Das neue Spiel: GEO – Generative Engine Optimization
GEO ist die logische Weiterentwicklung von SEO (zumindest aus Google-Sicht). Das Ziel verschiebt sich: Nicht mehr „die besten Suchergebnisse oben in der Liste“, sondern relevante Infos „direkt in eine erschöpfende Antwort giessen“.
Der Unterschied klingt subtil.

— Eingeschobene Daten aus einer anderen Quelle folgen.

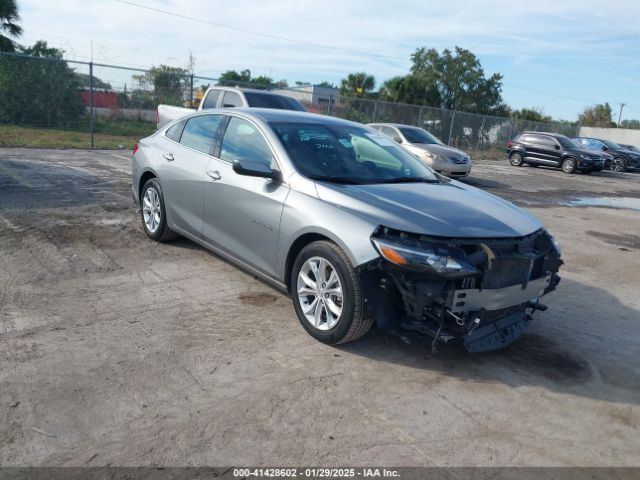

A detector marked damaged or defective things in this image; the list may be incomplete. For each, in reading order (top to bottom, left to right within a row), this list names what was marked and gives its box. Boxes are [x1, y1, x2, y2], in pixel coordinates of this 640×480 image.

damaged silver sedan [132, 109, 564, 352]
cracked headlight [370, 236, 476, 278]
hood damage [358, 225, 564, 352]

Ist er aber nicht.
| Klassisches SEO | GEO / KI-Zitierbarkeit |
|---|---|
| Keyword-Dichte & Backlink-Profil | Strukturierte, direkt beantwortende Inhalte |
| Möglichst viele Seiten indexiert | Tiefe Themenautorität auf wenigen Kernseiten |
| Traffic als Erfolgsmessung | Markenpräsenz in KI-Antworten (Impressionen) |
| Optimierung für Google-Algorithmus | Optimierung für menschliche Lesbarkeit + maschinelle Auswertbarkeit |
| Content-Frequenz als Ranking-Signal | Original-Daten & eigene Perspektive als Differenzierungsmerkmal |
| Präsenz nur auf eigener Website | Präsenz auf Reddit, LinkedIn, YouTube – wo LLMs bevorzugt crawlen |
Für B2B-IT-Unternehmen bedeutet das: Ihre Zielgruppe – CTOs, IT-Leiter, Beschaffungsverantwortliche – recherchiert komplexe Kaufentscheidungen zunehmend mit KI-Assistenten. Wer in diesen Antworten nicht vorkommt, existiert in der Recherchephase schlicht nicht. Das ist kein hypothetisches Risiko. Wir sind schon mitten drin.
Wo steht Ihre Website bei der GEO-Readiness?
Die 10-Punkte-Checkliste zeigt Ihnen, welche konkreten Stellschrauben KI-Systeme entscheiden – und welche davon bei den meisten B2B-Websites noch offen sind. Kostenlos, kein Overhead, sofort anwendbar.
Was Sie konkret tun sollten
Die gute Nachricht: Der Wechsel auf GEO erfordert keine vollständige Neuerfindung Ihrer Marketingstrategie. Er erfordert eine systematische Anpassung an geänderte Spielregeln.
Ihren GEO-Status feststellen
Bevor Sie irgendetwas optimieren: Stellen Sie fest, wie sichtbar Ihre Marke heute in KI-Antworten ist. Fragen Sie ChatGPT und Perplexity nach Ihren Kernthemen. Werden Sie zitiert? Wenn nicht – wer wird es stattdessen?
Inhalte-Struktur auf KI-Zitierbarkeit umstellen
KI-Systeme bevorzugen klare Hierarchien (H2/H3), direkte Antworten im ersten Satz eines Abschnitts, Aufzählungs-Listen, Tabellen und FAQ-Blöcke. Gleichzeitig gilt: Neutrale, enzyklopädische Inhalte ohne eigene Perspektive werden seltener zitiert als Inhalte mit klar formulierter Expertise.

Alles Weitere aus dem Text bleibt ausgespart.